Josleidy Ribalta

Personal information
- Born: May 2, 1990 (age 36)

Sport
- Country: Cuba
- Sport: Athletics
- Event: Triple jump

= Josleidy Ribalta =

Cuban track and field athlete (born 1990)

Josleidy Ribalta Alfonso (/es/; born 2 May 1990) is a Cuban track and field athlete who specialises in the triple jump. She has a personal best of 14.61 m for the event.

Born in Havana, she competed in the triple jump as a teenager, jumping 13.51 m in 2006 and improving to 13.72 m the following year. In her first international competition, she took the silver medal behind fellow Cuban Dailenys Alcántara at the 2007 World Youth Championships in Athletics. In the next season she set a new best of 13.87 m and was again runner-up to Alcántara on the world stage, this time at the 2008 World Junior Championships in Athletics. In her final year as a junior (under-19) athlete, she came fifth at the 2009 ALBA Games and cleared fourteen metres for the first time (reaching 14.10 m in Havana).

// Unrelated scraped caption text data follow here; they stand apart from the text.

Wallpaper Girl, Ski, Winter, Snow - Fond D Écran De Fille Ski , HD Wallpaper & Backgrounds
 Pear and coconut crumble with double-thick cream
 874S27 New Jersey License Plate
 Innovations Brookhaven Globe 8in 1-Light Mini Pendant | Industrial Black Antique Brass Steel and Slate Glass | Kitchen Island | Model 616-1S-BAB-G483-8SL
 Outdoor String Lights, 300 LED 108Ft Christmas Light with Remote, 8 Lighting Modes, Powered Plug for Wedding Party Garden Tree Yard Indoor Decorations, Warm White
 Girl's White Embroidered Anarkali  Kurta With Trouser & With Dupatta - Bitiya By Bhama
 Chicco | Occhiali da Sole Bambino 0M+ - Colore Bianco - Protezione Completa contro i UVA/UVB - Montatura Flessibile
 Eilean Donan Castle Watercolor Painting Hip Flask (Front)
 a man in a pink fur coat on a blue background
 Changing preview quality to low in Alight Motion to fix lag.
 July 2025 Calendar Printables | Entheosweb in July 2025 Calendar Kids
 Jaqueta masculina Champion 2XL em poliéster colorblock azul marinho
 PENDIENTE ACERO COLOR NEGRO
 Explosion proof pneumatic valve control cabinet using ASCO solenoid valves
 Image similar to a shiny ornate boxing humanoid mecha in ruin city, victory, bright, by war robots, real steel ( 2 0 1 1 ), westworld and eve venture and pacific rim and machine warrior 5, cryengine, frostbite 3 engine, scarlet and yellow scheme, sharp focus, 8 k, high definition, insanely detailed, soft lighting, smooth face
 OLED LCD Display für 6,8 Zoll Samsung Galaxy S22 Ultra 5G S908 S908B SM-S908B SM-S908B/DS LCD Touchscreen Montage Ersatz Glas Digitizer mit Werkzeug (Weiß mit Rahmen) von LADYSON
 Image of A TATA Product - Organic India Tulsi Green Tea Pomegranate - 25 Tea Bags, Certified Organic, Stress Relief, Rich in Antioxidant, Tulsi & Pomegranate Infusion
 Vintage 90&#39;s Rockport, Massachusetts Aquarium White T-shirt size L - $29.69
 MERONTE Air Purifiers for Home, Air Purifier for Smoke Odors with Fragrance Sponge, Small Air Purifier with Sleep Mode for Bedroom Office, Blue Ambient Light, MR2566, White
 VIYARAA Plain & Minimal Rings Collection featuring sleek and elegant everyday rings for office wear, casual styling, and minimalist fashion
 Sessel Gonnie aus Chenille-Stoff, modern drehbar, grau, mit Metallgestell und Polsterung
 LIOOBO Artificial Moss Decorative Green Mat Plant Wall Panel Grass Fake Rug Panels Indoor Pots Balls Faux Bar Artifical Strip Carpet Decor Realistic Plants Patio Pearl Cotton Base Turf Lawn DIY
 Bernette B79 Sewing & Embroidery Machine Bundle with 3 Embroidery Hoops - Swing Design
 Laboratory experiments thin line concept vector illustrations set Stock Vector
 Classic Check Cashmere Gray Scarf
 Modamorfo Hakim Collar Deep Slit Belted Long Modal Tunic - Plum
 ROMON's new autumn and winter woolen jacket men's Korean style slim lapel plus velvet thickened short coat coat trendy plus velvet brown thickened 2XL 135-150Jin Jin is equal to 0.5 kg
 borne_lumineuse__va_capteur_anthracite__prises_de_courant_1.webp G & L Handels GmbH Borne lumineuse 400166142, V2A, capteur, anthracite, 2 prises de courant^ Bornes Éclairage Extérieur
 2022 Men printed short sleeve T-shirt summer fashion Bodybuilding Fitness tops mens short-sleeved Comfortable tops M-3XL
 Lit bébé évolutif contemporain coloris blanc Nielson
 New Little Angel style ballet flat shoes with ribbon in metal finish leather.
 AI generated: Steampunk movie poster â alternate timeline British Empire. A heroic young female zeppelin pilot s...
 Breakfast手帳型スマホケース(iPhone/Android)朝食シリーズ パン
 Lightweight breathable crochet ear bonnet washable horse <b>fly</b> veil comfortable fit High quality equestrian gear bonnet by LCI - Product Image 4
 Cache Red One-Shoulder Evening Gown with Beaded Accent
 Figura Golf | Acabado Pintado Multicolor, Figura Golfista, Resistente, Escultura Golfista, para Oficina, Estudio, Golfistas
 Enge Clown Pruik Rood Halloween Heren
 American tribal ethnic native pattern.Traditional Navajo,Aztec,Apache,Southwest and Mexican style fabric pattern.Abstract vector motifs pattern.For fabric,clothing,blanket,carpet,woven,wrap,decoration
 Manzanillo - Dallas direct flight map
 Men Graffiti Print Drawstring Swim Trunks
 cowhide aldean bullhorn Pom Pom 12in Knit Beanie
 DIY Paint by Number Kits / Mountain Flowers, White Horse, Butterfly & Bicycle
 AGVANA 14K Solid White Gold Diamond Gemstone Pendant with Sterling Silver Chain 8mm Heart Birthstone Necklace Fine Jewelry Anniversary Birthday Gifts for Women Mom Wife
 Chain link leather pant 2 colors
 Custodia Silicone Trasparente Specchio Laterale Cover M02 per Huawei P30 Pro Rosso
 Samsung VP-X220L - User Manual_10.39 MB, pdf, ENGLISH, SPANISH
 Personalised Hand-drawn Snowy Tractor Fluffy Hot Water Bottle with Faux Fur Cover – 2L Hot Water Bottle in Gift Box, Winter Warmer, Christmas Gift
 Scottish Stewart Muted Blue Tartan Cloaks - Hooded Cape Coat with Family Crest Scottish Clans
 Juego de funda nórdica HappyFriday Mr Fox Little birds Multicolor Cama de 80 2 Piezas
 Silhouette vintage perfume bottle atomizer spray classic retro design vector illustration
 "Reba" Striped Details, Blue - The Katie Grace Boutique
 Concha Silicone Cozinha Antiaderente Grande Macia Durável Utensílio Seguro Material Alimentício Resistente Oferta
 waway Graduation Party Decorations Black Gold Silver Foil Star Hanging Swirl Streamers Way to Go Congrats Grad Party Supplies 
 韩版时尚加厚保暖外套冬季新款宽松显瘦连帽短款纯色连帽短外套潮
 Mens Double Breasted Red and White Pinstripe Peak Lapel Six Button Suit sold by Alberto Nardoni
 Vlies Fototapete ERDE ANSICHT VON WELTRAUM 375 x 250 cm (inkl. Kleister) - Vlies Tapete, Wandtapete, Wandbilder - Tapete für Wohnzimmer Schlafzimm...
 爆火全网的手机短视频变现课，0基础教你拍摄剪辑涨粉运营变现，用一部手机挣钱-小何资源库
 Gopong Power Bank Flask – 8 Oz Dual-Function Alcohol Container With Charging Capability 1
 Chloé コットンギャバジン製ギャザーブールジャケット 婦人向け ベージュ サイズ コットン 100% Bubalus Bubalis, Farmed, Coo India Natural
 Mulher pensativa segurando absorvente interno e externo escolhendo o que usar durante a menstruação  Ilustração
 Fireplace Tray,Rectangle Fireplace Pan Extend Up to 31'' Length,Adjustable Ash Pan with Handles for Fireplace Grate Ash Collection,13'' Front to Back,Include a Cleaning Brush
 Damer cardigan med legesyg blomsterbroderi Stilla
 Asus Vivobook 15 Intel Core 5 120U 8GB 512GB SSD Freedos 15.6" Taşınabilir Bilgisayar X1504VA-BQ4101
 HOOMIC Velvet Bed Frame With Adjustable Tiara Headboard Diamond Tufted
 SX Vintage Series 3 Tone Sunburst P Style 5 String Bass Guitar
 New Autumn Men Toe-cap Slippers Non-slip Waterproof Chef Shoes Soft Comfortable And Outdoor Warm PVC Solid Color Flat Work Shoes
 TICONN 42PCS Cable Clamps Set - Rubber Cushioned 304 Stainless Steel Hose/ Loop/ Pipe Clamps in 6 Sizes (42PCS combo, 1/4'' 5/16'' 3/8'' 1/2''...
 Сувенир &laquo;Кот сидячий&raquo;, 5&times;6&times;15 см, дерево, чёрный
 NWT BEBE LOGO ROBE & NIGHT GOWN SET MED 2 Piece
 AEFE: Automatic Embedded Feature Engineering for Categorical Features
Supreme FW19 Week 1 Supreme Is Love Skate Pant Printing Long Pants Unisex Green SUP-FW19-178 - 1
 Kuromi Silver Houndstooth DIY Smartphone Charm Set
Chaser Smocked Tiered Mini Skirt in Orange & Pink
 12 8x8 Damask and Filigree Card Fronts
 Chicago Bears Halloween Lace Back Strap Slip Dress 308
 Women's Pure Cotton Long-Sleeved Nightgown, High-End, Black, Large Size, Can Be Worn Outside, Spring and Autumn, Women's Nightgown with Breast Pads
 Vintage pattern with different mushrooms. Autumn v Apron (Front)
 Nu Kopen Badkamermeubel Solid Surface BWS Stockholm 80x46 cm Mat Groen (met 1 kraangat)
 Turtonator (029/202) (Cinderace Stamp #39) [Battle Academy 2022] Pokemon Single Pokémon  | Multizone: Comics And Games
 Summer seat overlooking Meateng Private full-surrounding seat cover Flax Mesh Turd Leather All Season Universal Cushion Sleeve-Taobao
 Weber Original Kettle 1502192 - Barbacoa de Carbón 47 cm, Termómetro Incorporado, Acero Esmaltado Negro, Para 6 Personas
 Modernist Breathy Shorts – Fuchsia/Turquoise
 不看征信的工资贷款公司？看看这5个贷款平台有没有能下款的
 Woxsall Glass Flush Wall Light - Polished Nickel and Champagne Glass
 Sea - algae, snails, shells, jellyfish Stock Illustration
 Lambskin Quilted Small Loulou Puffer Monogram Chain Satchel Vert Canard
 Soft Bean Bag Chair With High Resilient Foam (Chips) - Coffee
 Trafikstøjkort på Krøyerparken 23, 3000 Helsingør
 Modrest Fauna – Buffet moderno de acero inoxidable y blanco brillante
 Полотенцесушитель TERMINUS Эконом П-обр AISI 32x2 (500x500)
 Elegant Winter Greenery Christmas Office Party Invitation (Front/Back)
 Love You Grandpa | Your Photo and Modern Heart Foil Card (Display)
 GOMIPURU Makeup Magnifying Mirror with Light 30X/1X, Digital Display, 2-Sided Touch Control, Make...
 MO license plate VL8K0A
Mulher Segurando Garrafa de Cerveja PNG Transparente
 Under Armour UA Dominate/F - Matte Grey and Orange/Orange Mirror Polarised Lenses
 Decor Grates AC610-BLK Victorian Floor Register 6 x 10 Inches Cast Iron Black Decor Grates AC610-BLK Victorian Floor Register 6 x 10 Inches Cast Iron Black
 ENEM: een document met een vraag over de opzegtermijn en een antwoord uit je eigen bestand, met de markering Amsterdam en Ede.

Ribalta came third at the 2010 Barrientos Memorial and was the runner-up at the Olimpiada del Deporte Cubano with a personal best clearance of 14.14 m. She also won a long jump bronze at the competition with a mark of 5.75 m. Her jump of 14.61 m in February 2011 ranked her eighth in the world that year and gained her qualification for the 2011 World Championships in Athletics, although she was replaced by Yarianna Martínez at the event. She had her first win at the Barrientos Memorial that year.

At the 2012 IAAF Centenary meet in Havana she cleared 14.30 m to finish second, ahead of two-time world champion Yargelis Savigne. She placed sixth at the New York Diamond League meet and was later selected for the Cuban Olympic team.